Hacker News new | past | comments | ask | show | jobs | submit login
Kissat SAT Solver (fmv.jku.at)
111 points by veselin 15 days ago | hide | past | favorite | 60 comments



If anyone else is wondering how the hell to use this thing... the main API is here:

    https://github.com/arminbiere/kissat/blob/master/src/kissat.h
In particular all you need to add clauses is this single API entry point:

    void kissat_add (kissat * solver, int lit);
The solver consists of the conjunction of disjunctions (I hope I have that correct — maybe the other way around? I can never remember).
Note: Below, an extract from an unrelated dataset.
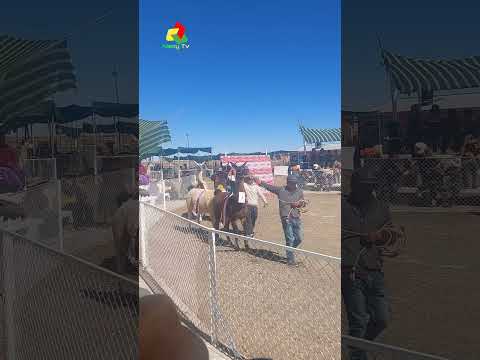 | Expoferia de camélidos Toledo  | Provincia Saucarí Oruro Bolivia 2026 #culturaboliviana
Variables are assumed to be any non-zero integer:

    kissat_add(s, [N != 0]);
You create a clause by repeatedly calling kissat_add; the clause is terminated by a 0. For instance if {shirt=1, tie=2}, then "!shirt or tie" is:

    kissat_add(s, -1); kissat_add(s, 2); kissat_add(s, 0);
Once the solver is run, if there's a solution, you get the solution using `kissat_val`:

    kissat_val(s, 1);
    kissat_val(s, 2);
I hope.


It supports the DIMACS input format [1], which you can parse using the kissat_parse_dimacs function [2].

DIMACS is a pretty terrible format, but at least you don't have to build the clauses up yourself using kissat_add.

[1] http://www.cs.utexas.edu/users/moore/acl2/manuals/current/ma...

[2] https://github.com/arminbiere/kissat/blob/master/src/parse.h


SAT solvers use CNF (conjuction of disjunctions).

DNF-SAT can be trivially solved in O(n), because each clause directly encodes a solution (except for clauses that are contradictory, of course). But there's no known way to "convert" arbitrary formulas to DNF in polynomial time, so such a solver is not useful.


How do you interrupt the computation, e.g. when it takes too long?


You could always fork the process and send SIGKILL to the child after a timeout.


No need to fork; you could install timer using alarm(), setitimer(), or timer_create() and friends.


But how would you clean up the heap and restart the library?


I think you can call kissat_terminate() from the signal handler.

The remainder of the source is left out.